(Activity) Below are entries with pictures among them; reproduce exactly, and only, the lines from the one containing "20Pcs 6.5CM Satin" down to the one containing "regál Regál do", without the pictures.

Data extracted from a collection
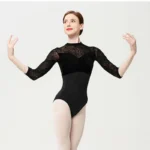 Body danza donna nero con maniche in rete floccata - immagine 3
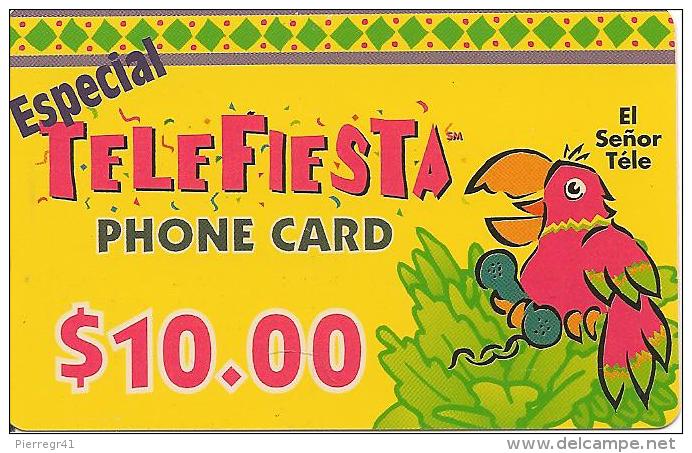 CARTE-PREPAYEE-USA-10$-MSN TELECOM-TELEFIESTA-PAPIER -GRATTE-TBE - Sonstige & Ohne Zuordnung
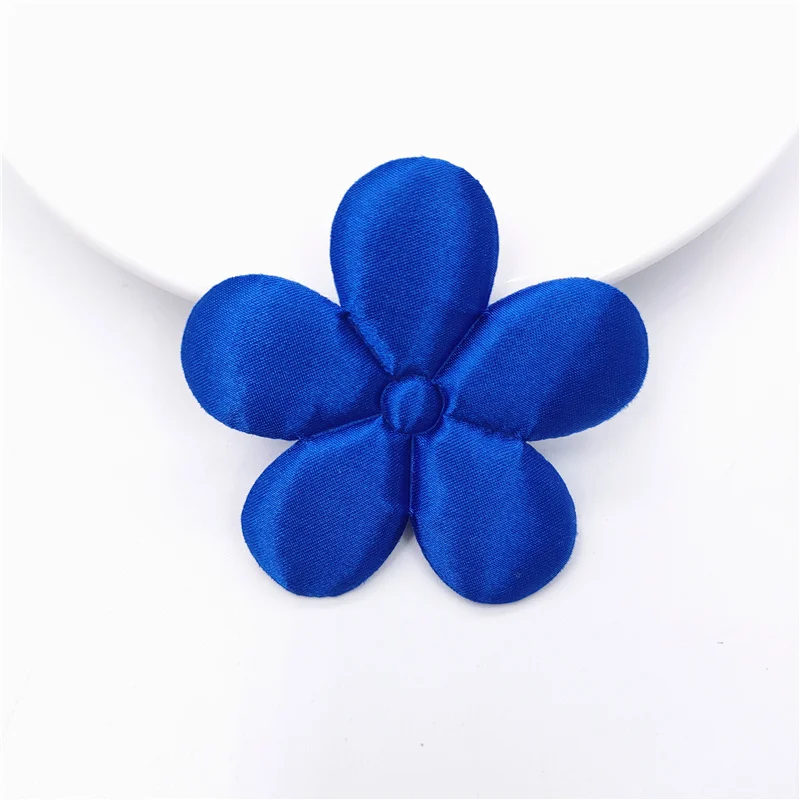 20Pcs 6.5CM Satin Fabric Flower Applique For DIY Baby Hair Clip Hat Headwear Crafts Patches Decor Ornament Clothing Accessories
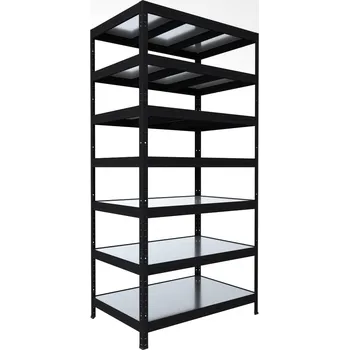 regál Regál do domácnosti Biedrax 35 x 120 x 210 cm, černý, 7 polic plech zinek, nosnost 150 kg na polici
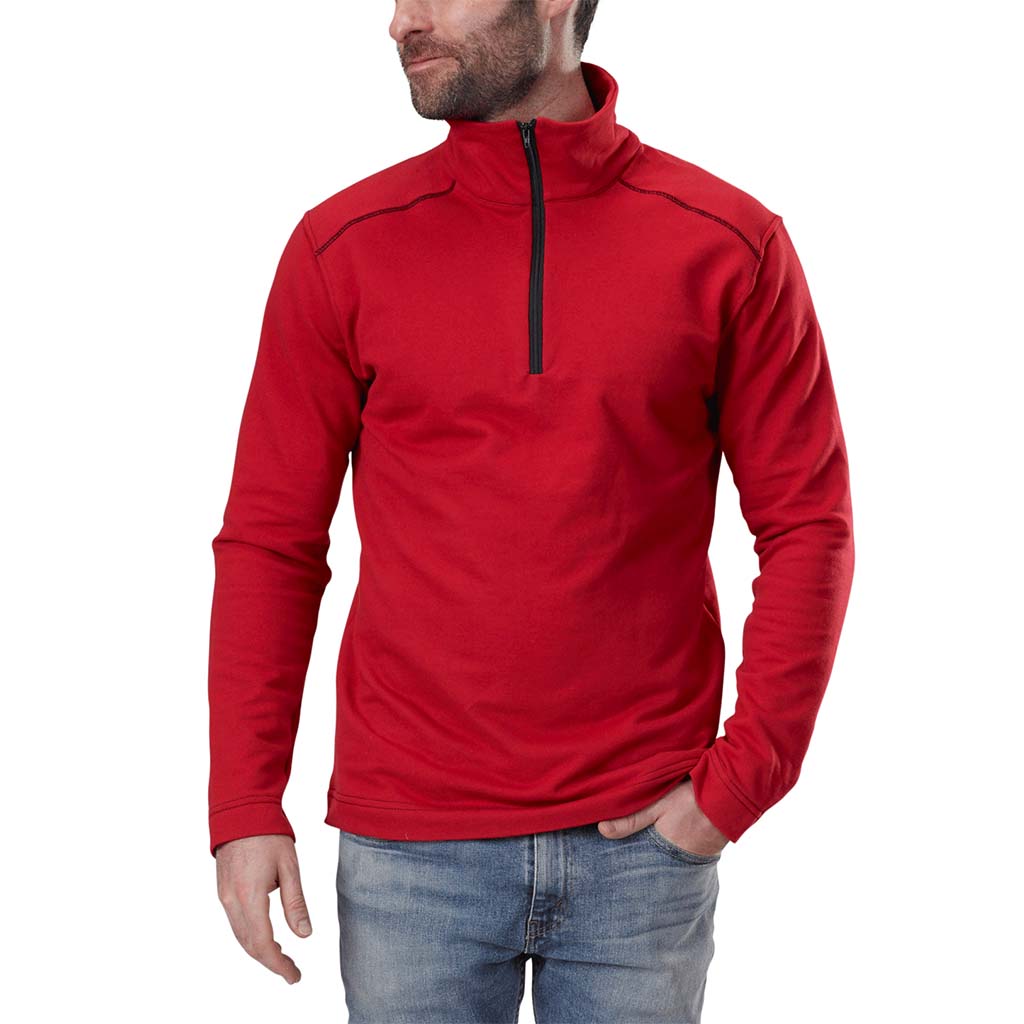 USA Made Organic Cotton Men's Quarter Zip Lightweight French Terry Pullover in Carmine with Black Stitching & Zipper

(Reply to the task)
 20Pcs 6.5CM Satin Fabric Flower Applique For DIY Baby Hair Clip Hat Headwear Crafts Patches Decor Ornament Clothing Accessories
 regál Regál do domácnosti Biedrax 35 x 120 x 210 cm, černý, 7 polic plech zinek, nosnost 150 kg na polici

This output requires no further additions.